◆ Task to carry out ◆
What you copy should be the lines from the one with "Explorer - Sweat" through the end of the entries, word for word. Omit the pictures.

◆ Data provided ◆
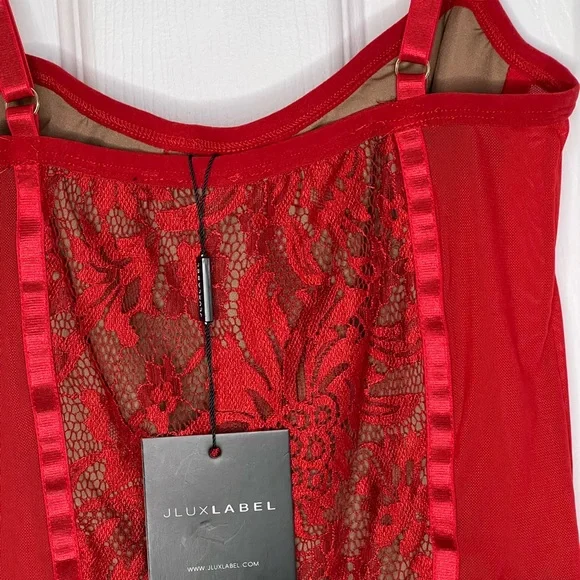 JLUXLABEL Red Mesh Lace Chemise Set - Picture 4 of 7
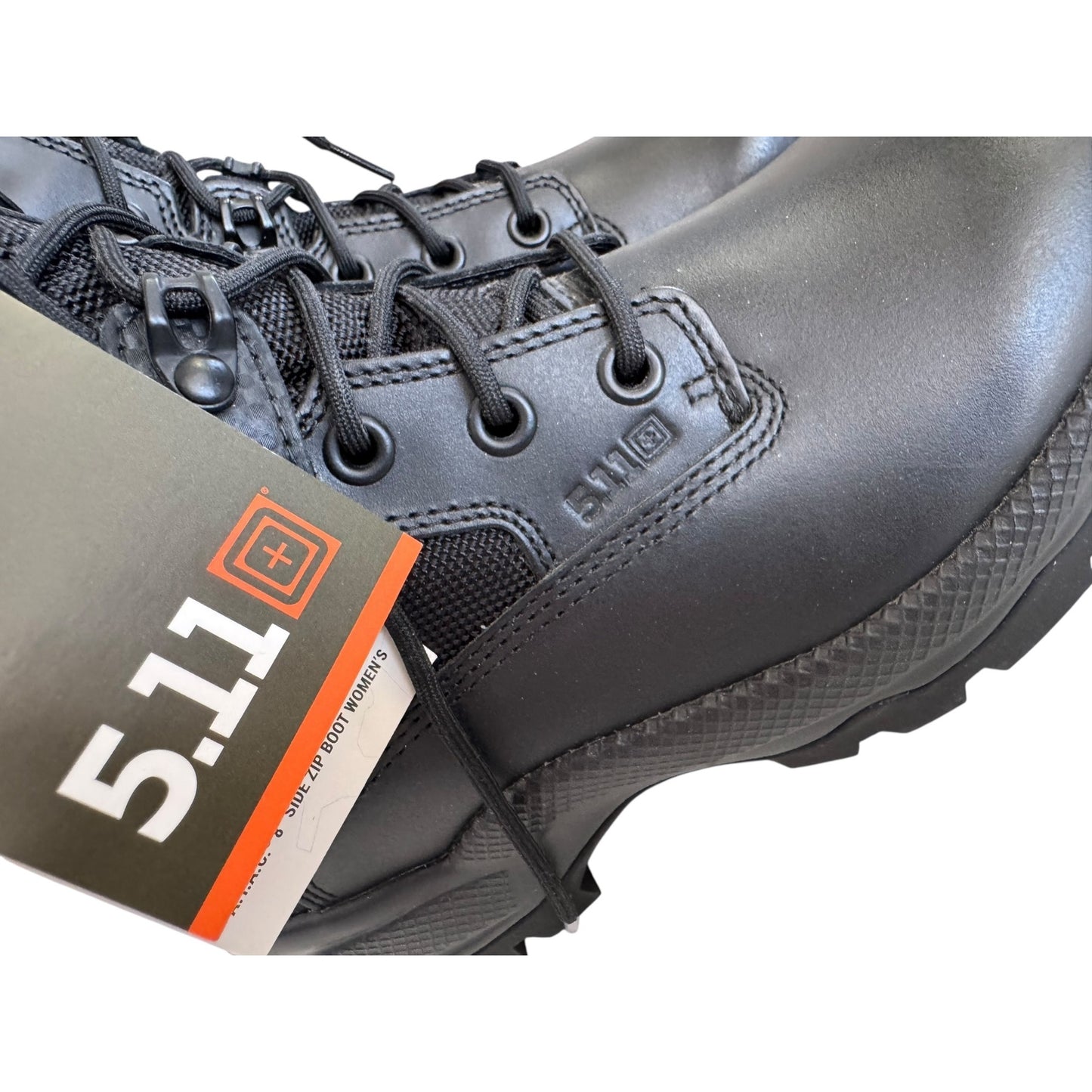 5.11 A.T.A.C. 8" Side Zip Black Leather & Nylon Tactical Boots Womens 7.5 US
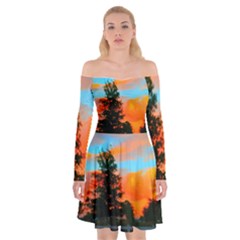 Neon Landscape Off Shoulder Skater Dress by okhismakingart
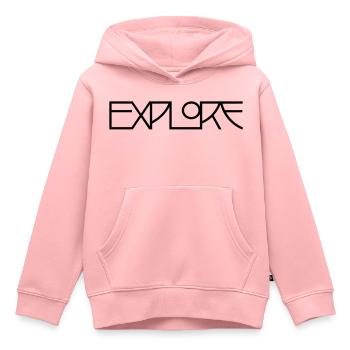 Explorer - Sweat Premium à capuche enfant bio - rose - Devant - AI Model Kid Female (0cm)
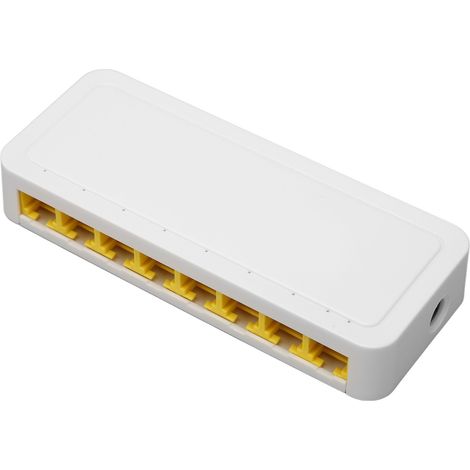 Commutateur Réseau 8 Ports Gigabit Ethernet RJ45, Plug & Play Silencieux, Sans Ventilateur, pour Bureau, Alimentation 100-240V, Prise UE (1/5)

◆ Reply to the task ◆
 Explorer - Sweat Premium à capuche enfant bio - rose - Devant - AI Model Kid Female (0cm)
 Commutateur Réseau 8 Ports Gigabit Ethernet RJ45, Plug & Play Silencieux, Sans Ventilateur, pour Bureau, Alimentation 100-240V, Prise UE (1/5)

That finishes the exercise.